Isi Khutbah
Jamaah Jumat yang dirahmati Allah,
Iman bukan sekadar pengakuan di lisan, tetapi keyakinan di hati yang dibuktikan dengan amal saleh. Karena itu, menjadi orang beriman memiliki konsekuensi yang harus kita diterima dan dijalani.
1. Konsekuensi pertama: Siap untuk Taat kepada Allah dan Rasul-Nya
Allah berfirman:
يَا أَيُّهَا الَّذِينَ آمَنُوا أَطِيعُوا اللَّهَ وَأَطِيعُوا الرَّسُولَ
"Wahai orang-orang yang beriman! Taatilah Allah dan taatilah Rasul." (QS. An-Nisa': 59)
Keimanan menuntut ketaatan dalam menjalankan perintah dan menjauhi larangan Allah.
2. Konsekuensi kedua: Siap diuji
Allah berfirman:
أَحَسِبَ النَّاسُ أَنْ يُتْرَكُوا أَنْ يَقُولُوا آمَنَّا وَهُمْ لَا يُفْتَنُونَ
"Apakah manusia mengira bahwa mereka akan dibiarkan hanya mengatakan, 'Kami telah beriman,' sedangkan mereka tidak diuji?" (QS. Al-'Ankabut: 2)
Ujian bukan tanda Allah membenci hamba-Nya, tetapi sarana membuktikan kejujuran iman.
3. Konsekuensi ketiga: Beramal saleh
Iman selalu berdampingan dengan amal saleh.
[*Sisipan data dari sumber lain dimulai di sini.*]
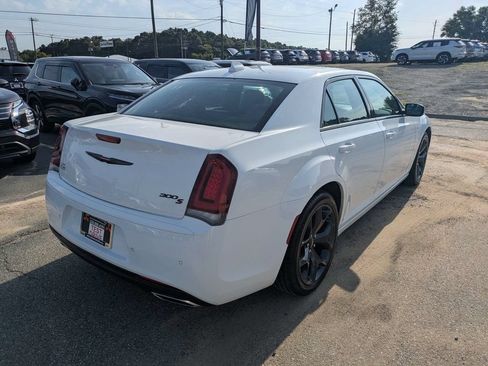 Used 2023 Chrysler 300 S RWD image 3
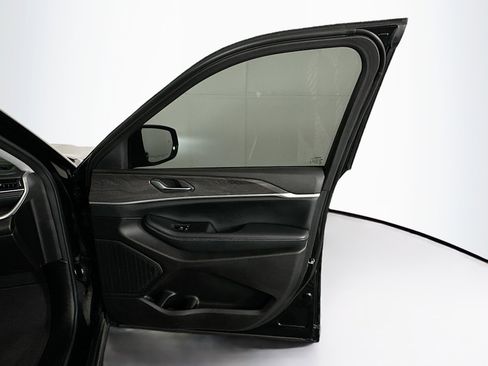 Used 2023 Jeep Grand Cherokee Limited image 32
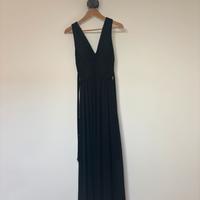 vestito nero elegante e scollato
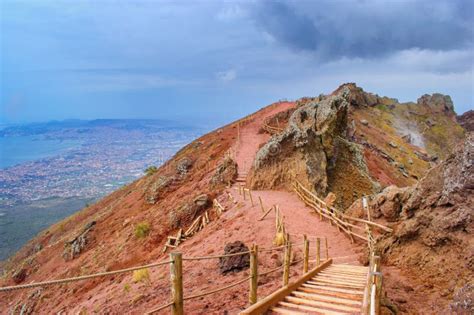 mount vesuvius crater view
Al-Qur'an berkali-kali menyebutkan:
الَّذِينَ آمَنُوا وَعَمِلُوا الصَّالِحَاتِ
Artinya, keimanan harus melahirkan amal kebajikan, akhlak mulia, kejujuran, amanah, dan kepedulian kepada sesama.
Makanya dalam Al-Baqarah 177 dikatakan:
Disamping kita beriman kepada rukun iman yang 6 itu, kita juga dituntut untuk memberikan sebagian dari harta yang kita cinta kepada kerabat, anak yatim, orang miskin, musafir, peminta-minta, dan (memerdekakan) hamba sahaya; melaksanakan salat; menunaikan zakat; menepati janji apabila berjanji; sabar dalam kemelaratan, penderitaan, dan pada masa peperangan. Mereka itulah orang-orang yang benar dan mereka itulah orang-orang yang bertakwa.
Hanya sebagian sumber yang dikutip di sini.